I might start with the answers here, and work backward. I know, because seven is the maximum number of movies listed in any answer choice (E), that that's the absolute limit for the number of movies. So if I can figure out a way to make seven work, then E is the answer. If I can't make seven work, but I can make six work, then I'll choose D. And so on.

Can I make seven work? Let's see:

If I'm trying to maximize the movies shown, why wouldn't I go ahead and show all three films on the first day?

Thursday:  L  G  H

The problem with this approach is that, once I show G, I now can't show L anywhere in the remainder of the schedule. So Friday I could show H, then G:

Friday:  H  G

And Saturday, I could show just ONE of G and H:

Saturday:  H/G (doesn't matter which one).

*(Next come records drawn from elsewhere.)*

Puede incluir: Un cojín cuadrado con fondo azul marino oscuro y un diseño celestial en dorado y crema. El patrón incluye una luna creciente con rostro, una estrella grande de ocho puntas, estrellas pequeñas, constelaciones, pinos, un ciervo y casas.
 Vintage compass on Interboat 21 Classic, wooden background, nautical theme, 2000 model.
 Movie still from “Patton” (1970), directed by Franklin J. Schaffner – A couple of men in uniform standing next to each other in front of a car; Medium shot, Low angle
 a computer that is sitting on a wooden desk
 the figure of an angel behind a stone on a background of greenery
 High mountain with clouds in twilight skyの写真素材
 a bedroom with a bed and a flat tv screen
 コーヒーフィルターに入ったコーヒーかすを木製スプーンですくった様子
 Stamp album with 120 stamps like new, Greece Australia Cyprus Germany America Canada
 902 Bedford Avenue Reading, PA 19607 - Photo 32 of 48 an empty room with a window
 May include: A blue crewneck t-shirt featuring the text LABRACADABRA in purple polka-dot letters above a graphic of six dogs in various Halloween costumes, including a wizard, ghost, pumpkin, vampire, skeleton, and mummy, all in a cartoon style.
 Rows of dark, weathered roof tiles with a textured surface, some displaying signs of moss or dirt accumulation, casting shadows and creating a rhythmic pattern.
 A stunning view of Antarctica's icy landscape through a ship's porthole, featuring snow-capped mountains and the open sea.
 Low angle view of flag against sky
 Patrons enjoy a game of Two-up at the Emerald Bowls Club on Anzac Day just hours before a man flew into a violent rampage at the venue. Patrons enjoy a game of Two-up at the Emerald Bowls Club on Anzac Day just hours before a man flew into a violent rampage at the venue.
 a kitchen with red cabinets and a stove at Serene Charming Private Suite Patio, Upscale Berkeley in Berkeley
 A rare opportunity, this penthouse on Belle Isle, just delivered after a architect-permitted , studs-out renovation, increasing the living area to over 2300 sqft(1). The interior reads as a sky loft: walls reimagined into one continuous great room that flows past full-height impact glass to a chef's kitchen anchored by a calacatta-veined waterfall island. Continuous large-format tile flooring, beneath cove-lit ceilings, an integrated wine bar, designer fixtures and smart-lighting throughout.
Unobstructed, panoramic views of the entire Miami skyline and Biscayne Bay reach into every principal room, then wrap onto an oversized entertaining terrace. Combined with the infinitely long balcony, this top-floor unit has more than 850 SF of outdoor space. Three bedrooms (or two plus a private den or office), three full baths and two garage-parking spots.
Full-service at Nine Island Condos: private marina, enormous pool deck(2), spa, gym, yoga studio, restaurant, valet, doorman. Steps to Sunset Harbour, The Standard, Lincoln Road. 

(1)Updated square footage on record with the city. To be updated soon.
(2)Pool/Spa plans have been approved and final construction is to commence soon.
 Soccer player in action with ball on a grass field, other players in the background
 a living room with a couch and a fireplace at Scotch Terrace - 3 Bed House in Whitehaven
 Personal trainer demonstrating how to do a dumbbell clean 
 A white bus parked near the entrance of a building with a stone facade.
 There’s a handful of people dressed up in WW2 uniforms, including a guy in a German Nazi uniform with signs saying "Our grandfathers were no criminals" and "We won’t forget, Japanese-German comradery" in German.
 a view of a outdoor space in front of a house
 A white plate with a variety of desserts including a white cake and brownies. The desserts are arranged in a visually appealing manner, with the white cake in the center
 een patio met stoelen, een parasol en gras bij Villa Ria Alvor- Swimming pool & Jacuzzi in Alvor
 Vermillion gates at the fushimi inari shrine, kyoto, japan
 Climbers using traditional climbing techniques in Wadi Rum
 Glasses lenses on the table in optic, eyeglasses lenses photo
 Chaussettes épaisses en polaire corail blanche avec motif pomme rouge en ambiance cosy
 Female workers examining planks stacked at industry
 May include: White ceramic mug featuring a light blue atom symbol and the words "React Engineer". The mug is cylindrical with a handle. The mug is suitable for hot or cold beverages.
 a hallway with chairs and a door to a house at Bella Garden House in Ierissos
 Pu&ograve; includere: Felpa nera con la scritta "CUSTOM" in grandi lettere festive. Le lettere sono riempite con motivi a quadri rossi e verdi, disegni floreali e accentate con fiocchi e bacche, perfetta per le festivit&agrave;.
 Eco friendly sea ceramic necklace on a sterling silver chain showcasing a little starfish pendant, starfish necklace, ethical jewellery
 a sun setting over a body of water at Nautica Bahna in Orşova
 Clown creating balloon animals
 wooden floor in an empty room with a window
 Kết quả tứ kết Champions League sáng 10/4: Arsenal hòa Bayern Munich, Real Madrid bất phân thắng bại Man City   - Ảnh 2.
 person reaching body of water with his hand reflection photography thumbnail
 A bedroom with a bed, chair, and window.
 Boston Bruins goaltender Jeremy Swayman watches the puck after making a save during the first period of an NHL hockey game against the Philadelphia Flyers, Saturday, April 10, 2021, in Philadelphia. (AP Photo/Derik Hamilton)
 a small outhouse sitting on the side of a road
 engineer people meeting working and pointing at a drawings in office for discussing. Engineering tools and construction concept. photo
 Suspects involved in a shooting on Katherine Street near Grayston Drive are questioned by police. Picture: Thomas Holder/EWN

Hmm. That's a total of only six movies. I was hoping to get to seven. So I'm going to try one more scenario:

On Thursday, if I want to avoid the problem of showing G and being unable to show L ever again, then I've got to avoid showing G. So I'll start my Thursday schedule with just L and H:

Thursday:  L  H

On Friday, I'll again want to avoid showing G early so I'll show just H and L:

Friday:  H  L

On Saturday, I'll now show L with G:

Saturday:  L  G

And once again, I can only get to six.

As I said earlier, this is a supernasty question, because I still haven't explored all the scenarios. What if I showed just L and H on Thursday, for example, but then showed all three films on Friday? Would I be able to get to seven then? (The answer is no. If I showed all three films on Friday then I'd only be able to show one film on Saturday, so once again I'd be stuck at six.)

Rather than exhaust all possibilities here, once I sensed that I was getting stuck at six I'd be happy going ahead and picking D. I might miss a question like this once in a while, but I'll 1) usually get it right and 2) never waste five minutes trying to be sure. I have bigger fish to fry in the remaining of the section, so I'll make an educated guess here and move on. Our answer is D.